Instructions for the task ->
Nothing but the lines from the one containing "<p>Umat Muslim tiba" through the last line of the data below should be returned, each copied exactly.

---------------

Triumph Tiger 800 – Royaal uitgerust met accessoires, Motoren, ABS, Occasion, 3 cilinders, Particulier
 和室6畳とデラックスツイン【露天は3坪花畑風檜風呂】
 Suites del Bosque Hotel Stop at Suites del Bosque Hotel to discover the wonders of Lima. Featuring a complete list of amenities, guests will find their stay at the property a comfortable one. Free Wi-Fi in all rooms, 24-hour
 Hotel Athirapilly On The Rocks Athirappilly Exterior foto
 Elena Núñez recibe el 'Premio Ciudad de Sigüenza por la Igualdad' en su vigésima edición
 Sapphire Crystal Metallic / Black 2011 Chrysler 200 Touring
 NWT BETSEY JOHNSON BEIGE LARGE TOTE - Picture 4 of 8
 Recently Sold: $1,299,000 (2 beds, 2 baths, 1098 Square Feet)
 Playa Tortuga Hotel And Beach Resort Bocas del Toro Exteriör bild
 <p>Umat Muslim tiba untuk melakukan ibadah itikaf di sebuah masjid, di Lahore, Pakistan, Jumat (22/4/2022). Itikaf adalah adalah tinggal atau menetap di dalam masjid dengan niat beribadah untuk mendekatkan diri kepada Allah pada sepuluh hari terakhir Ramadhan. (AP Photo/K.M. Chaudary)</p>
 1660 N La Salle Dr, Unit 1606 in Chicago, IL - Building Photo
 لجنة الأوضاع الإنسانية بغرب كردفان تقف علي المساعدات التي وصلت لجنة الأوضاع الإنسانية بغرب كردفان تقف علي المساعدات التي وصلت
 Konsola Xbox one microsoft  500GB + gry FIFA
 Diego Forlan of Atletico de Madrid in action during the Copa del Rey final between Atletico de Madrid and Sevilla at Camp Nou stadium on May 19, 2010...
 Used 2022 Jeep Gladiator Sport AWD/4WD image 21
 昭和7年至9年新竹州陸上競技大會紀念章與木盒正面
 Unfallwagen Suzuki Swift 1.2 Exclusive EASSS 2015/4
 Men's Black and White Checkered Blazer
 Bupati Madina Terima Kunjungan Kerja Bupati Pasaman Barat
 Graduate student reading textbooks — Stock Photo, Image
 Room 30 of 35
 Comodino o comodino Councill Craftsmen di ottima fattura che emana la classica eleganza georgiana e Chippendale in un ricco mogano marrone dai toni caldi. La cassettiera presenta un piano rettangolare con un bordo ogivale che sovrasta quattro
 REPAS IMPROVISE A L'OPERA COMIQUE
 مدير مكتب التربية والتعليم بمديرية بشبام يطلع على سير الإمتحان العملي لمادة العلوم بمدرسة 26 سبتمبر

---------------

Expected output ->
 <p>Umat Muslim tiba untuk melakukan ibadah itikaf di sebuah masjid, di Lahore, Pakistan, Jumat (22/4/2022). Itikaf adalah adalah tinggal atau menetap di dalam masjid dengan niat beribadah untuk mendekatkan diri kepada Allah pada sepuluh hari terakhir Ramadhan. (AP Photo/K.M. Chaudary)</p>
 1660 N La Salle Dr, Unit 1606 in Chicago, IL - Building Photo
 لجنة الأوضاع الإنسانية بغرب كردفان تقف علي المساعدات التي وصلت لجنة الأوضاع الإنسانية بغرب كردفان تقف علي المساعدات التي وصلت
 Konsola Xbox one microsoft  500GB + gry FIFA
 Diego Forlan of Atletico de Madrid in action during the Copa del Rey final between Atletico de Madrid and Sevilla at Camp Nou stadium on May 19, 2010...
 Used 2022 Jeep Gladiator Sport AWD/4WD image 21
 昭和7年至9年新竹州陸上競技大會紀念章與木盒正面
 Unfallwagen Suzuki Swift 1.2 Exclusive EASSS 2015/4
 Men's Black and White Checkered Blazer
 Bupati Madina Terima Kunjungan Kerja Bupati Pasaman Barat
 Graduate student reading textbooks — Stock Photo, Image
 Room 30 of 35
 Comodino o comodino Councill Craftsmen di ottima fattura che emana la classica eleganza georgiana e Chippendale in un ricco mogano marrone dai toni caldi. La cassettiera presenta un piano rettangolare con un bordo ogivale che sovrasta quattro
 REPAS IMPROVISE A L'OPERA COMIQUE
 مدير مكتب التربية والتعليم بمديرية بشبام يطلع على سير الإمتحان العملي لمادة العلوم بمدرسة 26 سبتمبر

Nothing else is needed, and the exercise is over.